Letting Your Security People Make The Rules For Your Forms is a Bad Idea
We've got plenty of evidence that low literacy users don't understand the web in the same way that anti-noobes do.
Here's a few links:
- http://www.useit.com/alertbox/20050314.html
- http://crisp.cit.nih.gov/crisp/CRISP_LIB.getdoc?textkey=6859037&p_grant_num=1R21LM008565-01&p_query=&ticket=22958743&p_audit_session_id=110894877&p_keywords=
- http://www.angelacolter.com/site/research/lowliteracy/index.html
- http://www.stc.org/intercom/pdfs/2004/200406_19-23.pdf
- http://www.uxmatters.com/MT/archives/000080.php
- http://eprints.rclis.org/archive/00005346/
The form above? A prime example of something where because they didn't think about the usability, they made the form almost impenetrable to people who don't read well or who just don't like being online. (And it's the only portal to a company that provides health insurance to local governments, so yes, low literacy users DO matter)
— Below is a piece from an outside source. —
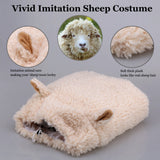 Onmygogo Funny Sheep Costumes for Dog, Cute Furry Pet Wig for Halloween Christmas, Pet Clothing Accessories (Sheep, Size M)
Me? I've been online and reading web pages since 1993-4. And I had to submit this form -4- times before I realized they wanted a special character in the USER NAME.
I've blogged before about the need for a universal way to set up passwords and explain the rules. Making someone have a special character (or number) in a user name is even worse. There's probably password rules, too, but, once again, I won't know what they are until I fail to comply with them.
No wonder people don't trust web based systems! We make them impossible to use!